TASK:
In your copy of the entries, please include no pictures and return every word exactly.

GIVEN INFORMATION:
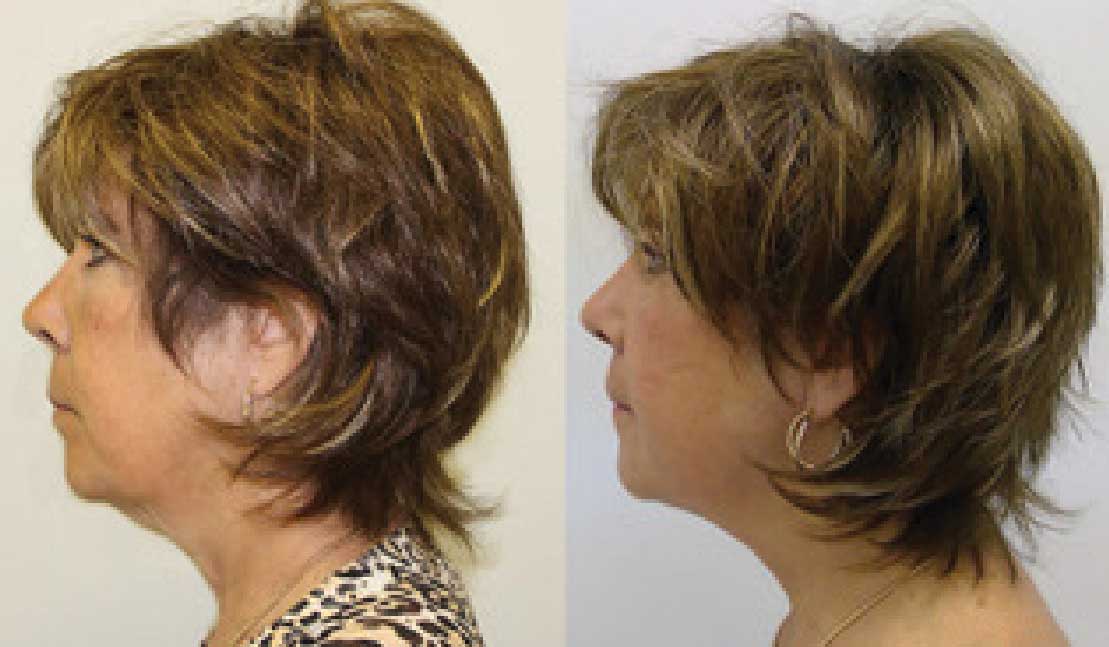 InMode Evoke face tightening before and after pictures of a woman
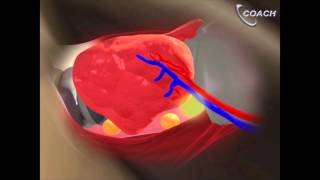 Minimally Invasive Total Thyroidectomy Video [upl. by Stark]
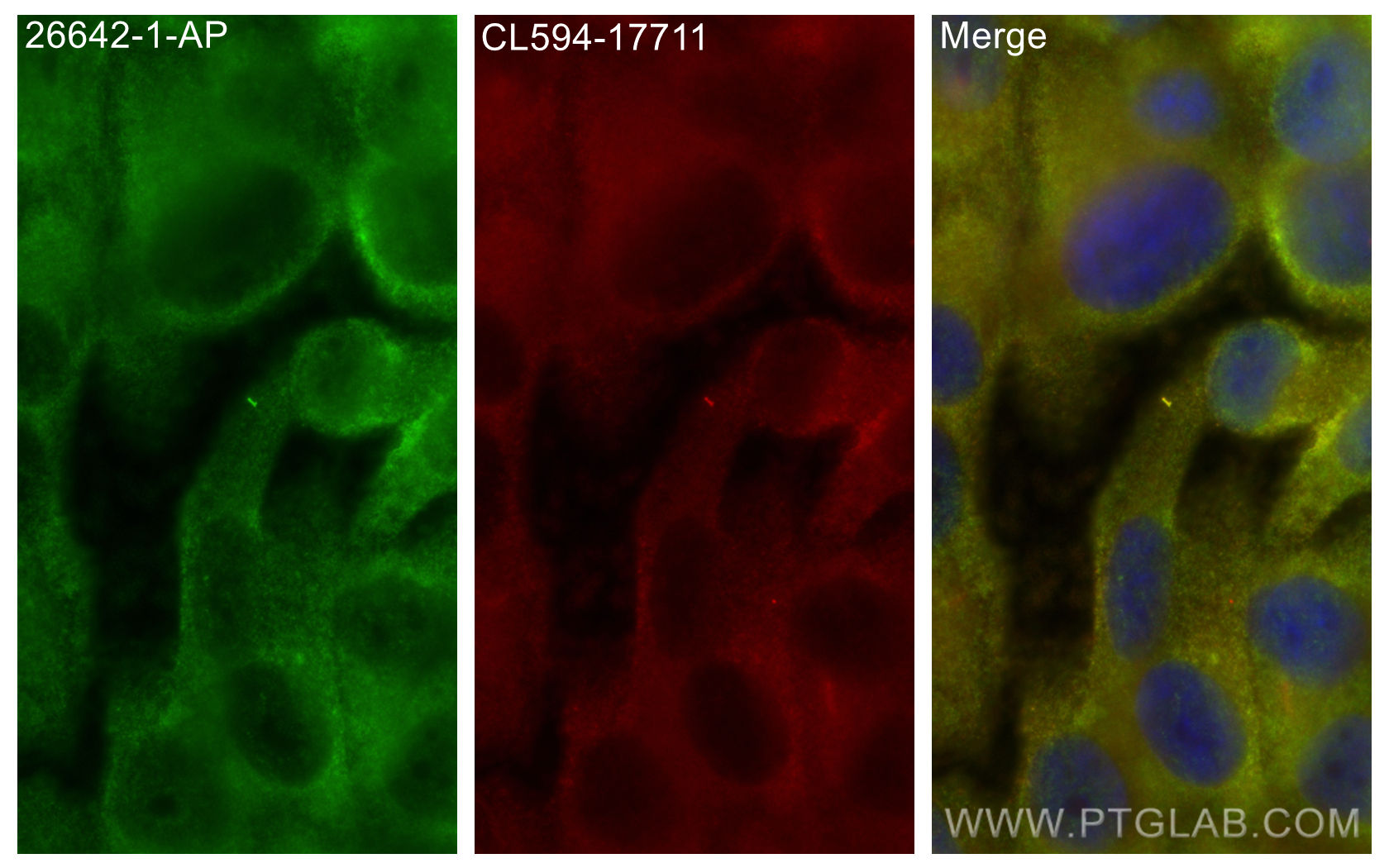 IF Staining of hTERT-RPE1 using 26642-1-AP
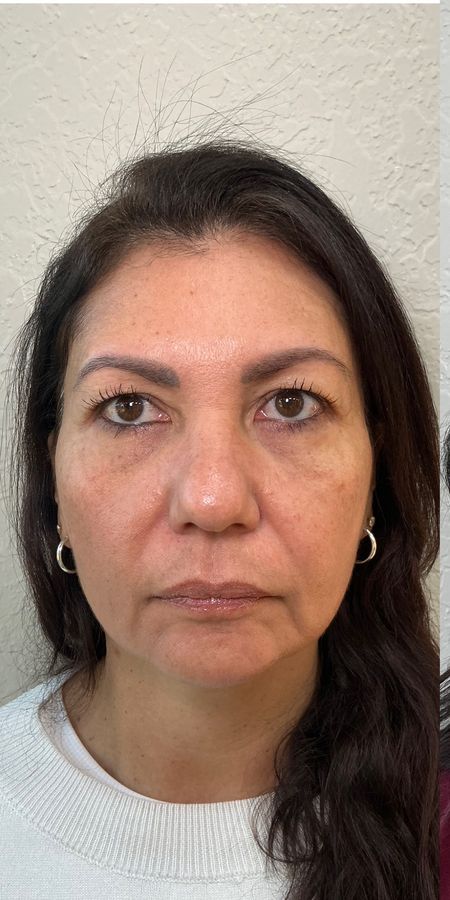 Antes do procedimento estético — caso 12 da EZ Aesthetics & Wellness, Orlando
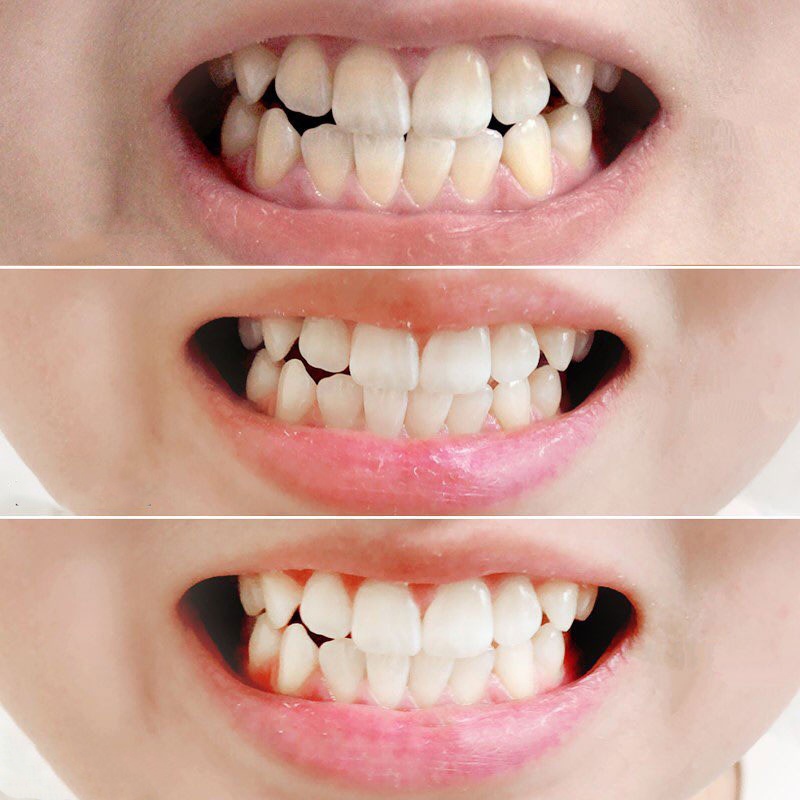 Kem Đánh Răng Median Dental IQ Toothpaste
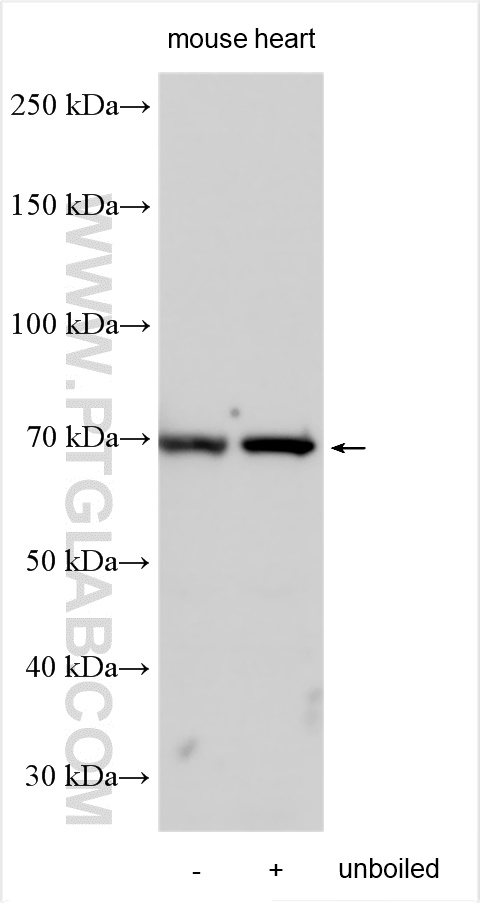 WB analysis using 26958-1-AP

WORKED SOLUTION:
 InMode Evoke face tightening before and after pictures of a woman
 Minimally Invasive Total Thyroidectomy Video [upl. by Stark]
 IF Staining of hTERT-RPE1 using 26642-1-AP
 Antes do procedimento estético — caso 12 da EZ Aesthetics & Wellness, Orlando
 Kem Đánh Răng Median Dental IQ Toothpaste
 WB analysis using 26958-1-AP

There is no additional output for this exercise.